Data section:
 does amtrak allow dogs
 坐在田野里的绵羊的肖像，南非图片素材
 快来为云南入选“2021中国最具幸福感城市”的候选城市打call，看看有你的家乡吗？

Task instructions: Give the listing again in full, and make every line match exactly.

Answer space:
 does amtrak allow dogs
 坐在田野里的绵羊的肖像，南非图片素材
 快来为云南入选“2021中国最具幸福感城市”的候选城市打call，看看有你的家乡吗？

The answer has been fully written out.